A novela “O Silêncio da Paixão” não é um relato linear, ou seja, a narrativa é densa e intrincada, desde logo, pelas personagens, pela omnipresença do mar, pelo tempo atmosférico, pela música e as cidades, onde Clara, foi quase feliz. 

As leituras desta obra podem ser diversas o que nem sempre agrada a quem lê maquinalmente, mas deixar espaço para os leitores conjeturarem sobre o capítulo seguinte ou o desfecho da estória e, ainda assim, conseguir que a leitura seja apelativa e a vontade de voltar a página permaneça até às últimas palavras, não é de fácil concretização, mas enquanto leitor agrada-me que estes sejam alguns dos atributos desta invulgar peça literária. E é disso que falo quando me refiro a esta novela póstuma, falo da qualidade literária de “O Silêncio da Paixão”, da erudição e maturidade que a Helena Chrystello cedo deixou transparecer e que não mais voltou a demonstrar.

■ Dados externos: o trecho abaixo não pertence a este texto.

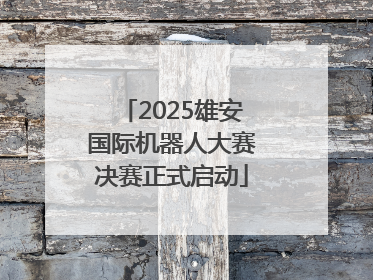 2025雄安国际机器人大赛决赛正式启动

A estória que nos é narrada tem como personagem central Clara Viel, aclamada cantora lírica que se afastou dos palcos e se refugiou, com já referi, numa casa à beira-mar. O jovem Gilles testemunha as suas quimeras, acompanha e ama esta mulher a quem já apareceram uns fios de cabelo branco. Clara não se consegue libertar de antigas paixões que se perpetuam e a fazem sofrer, nem atende a outros amores, seja Gilles o jovem que também procurou abrigo em Joinville para escrever, seja alguém de um passado vivido em Praga onde, como escreve a autora: “Durante muito tempo, Clara foi dominada por esta imagem, ela que fora quase feliz em Praga, um ano antes da primavera.”   

A autora, com mestria, explora, por um lado a mutabilidade dos momentos de felicidade e, por outro a importância e o poder da memória. Ser "quase feliz" pode ser ainda mais marcante, do que ter sido plenamente feliz. Foi algo que não se concretizou e fica para sempre como um vazio. A frase situa o evento no tempo pois, a alusão à primavera não se refere à chegada da estação do ano, mas sim a um acontecimento político de 1968 e que ficou conhecido como a “Primavera de Praga”, isto é, a narrativa remete-nos para o ano de 1967.

Sobre a trama e a forma como a estória se desenrola, a ação da protagonista e das personagens que a acompanham, sejam as das memórias do passado, sejam do presente não adiantarei mais pois, julgo ser mais avisado deixar que façam a leitura deste livro sem que a minha visão possa vir a influenciar a vossa e, esta novela permite, como julgo já ter referido, várias leituras e todas elas legítimas.

imagem retirada da internet
Há, porém, dois elementos narrativos que não posso deixar de aludir pois, modelam e marcam presença, quase permanente, na construção literária desta novela: a música e o mar.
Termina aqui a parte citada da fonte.